> _Activity_: Your response should contain exactly the lines running from the one with "Děkanská zahrada Pelhřimov (foto 3)" to the end of the data below, both included, and no pictures.

> _Given records_:
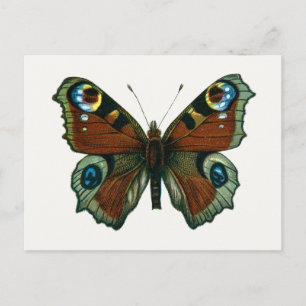 Carte Postale Inachis io - Le papillon paon européen
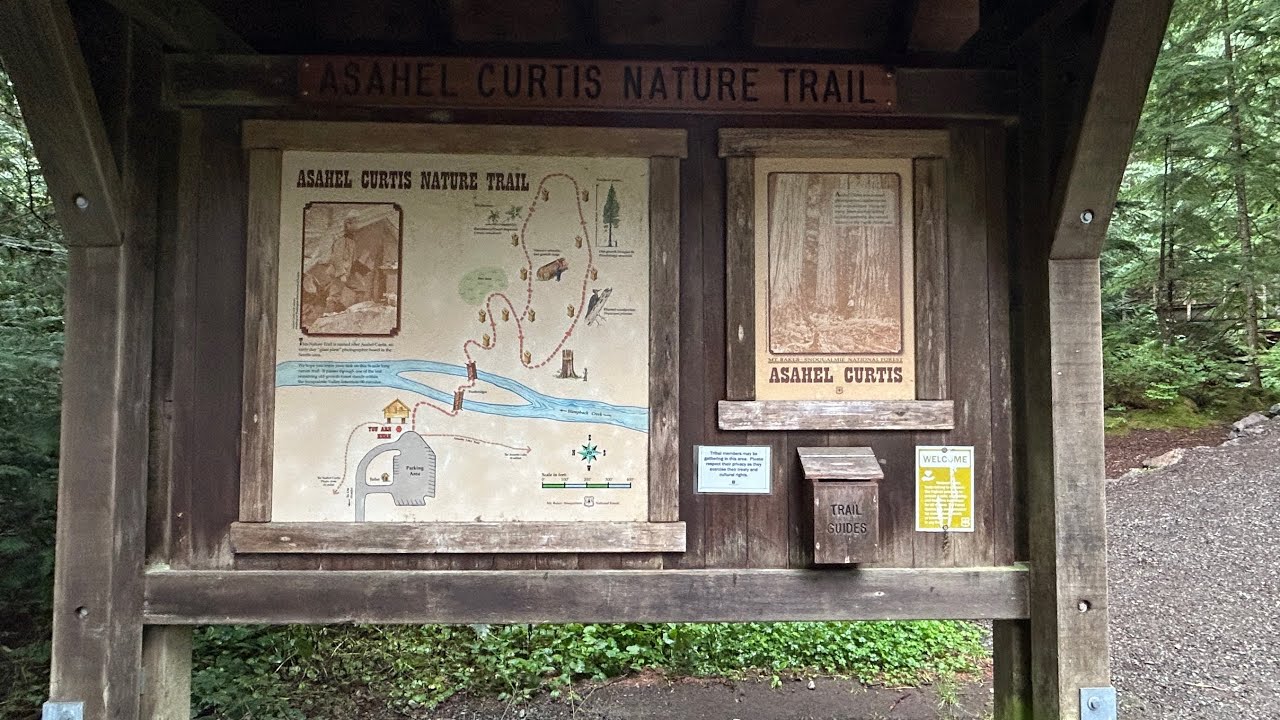 Easy walk - Asahel Curtis Nature Trail |  Exit 47, I-90 Snoqualmie Pass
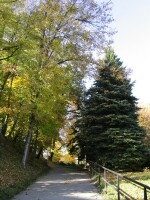 Děkanská zahrada Pelhřimov (foto 3)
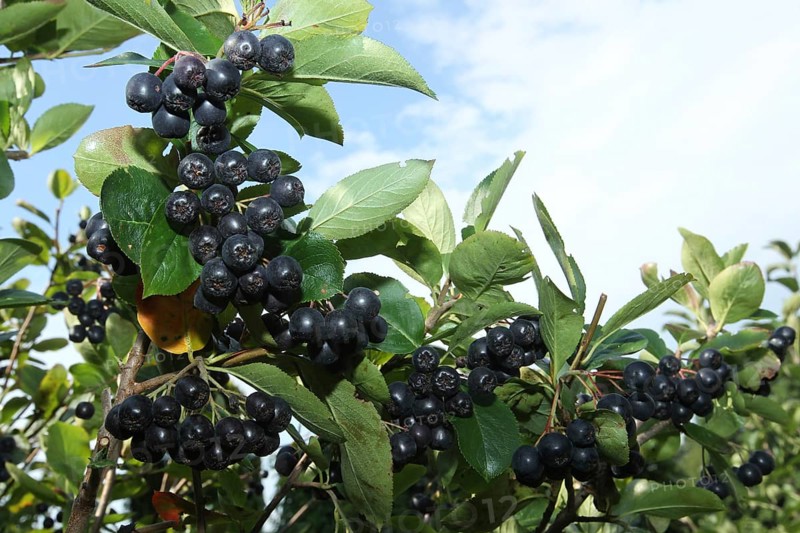Aronia or chokeberry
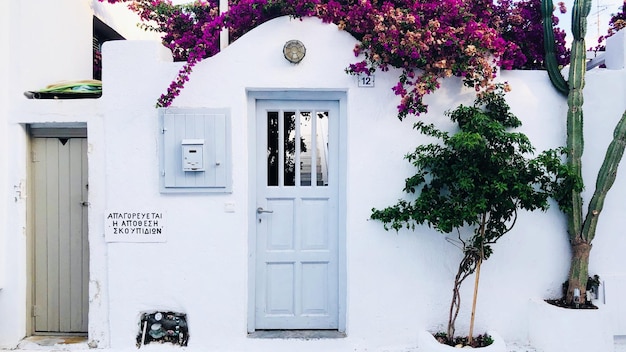 Foto Árvores crescendo na parede da casa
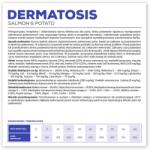 VetExpert Veterinary Diet Dermatosis Dog Salmon & Potato - dry dog food - 2 kg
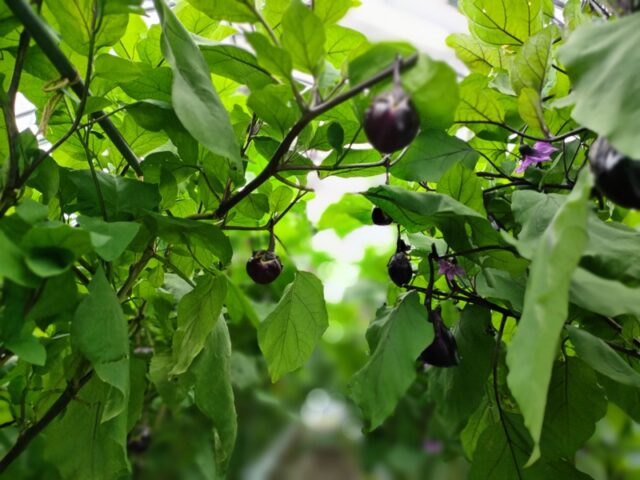 小川の庄縄文おやき村契約農家野菜なす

> _Task result_:
 Děkanská zahrada Pelhřimov (foto 3)
Aronia or chokeberry
 Foto Árvores crescendo na parede da casa
 VetExpert Veterinary Diet Dermatosis Dog Salmon & Potato - dry dog food - 2 kg
 小川の庄縄文おやき村契約農家野菜なす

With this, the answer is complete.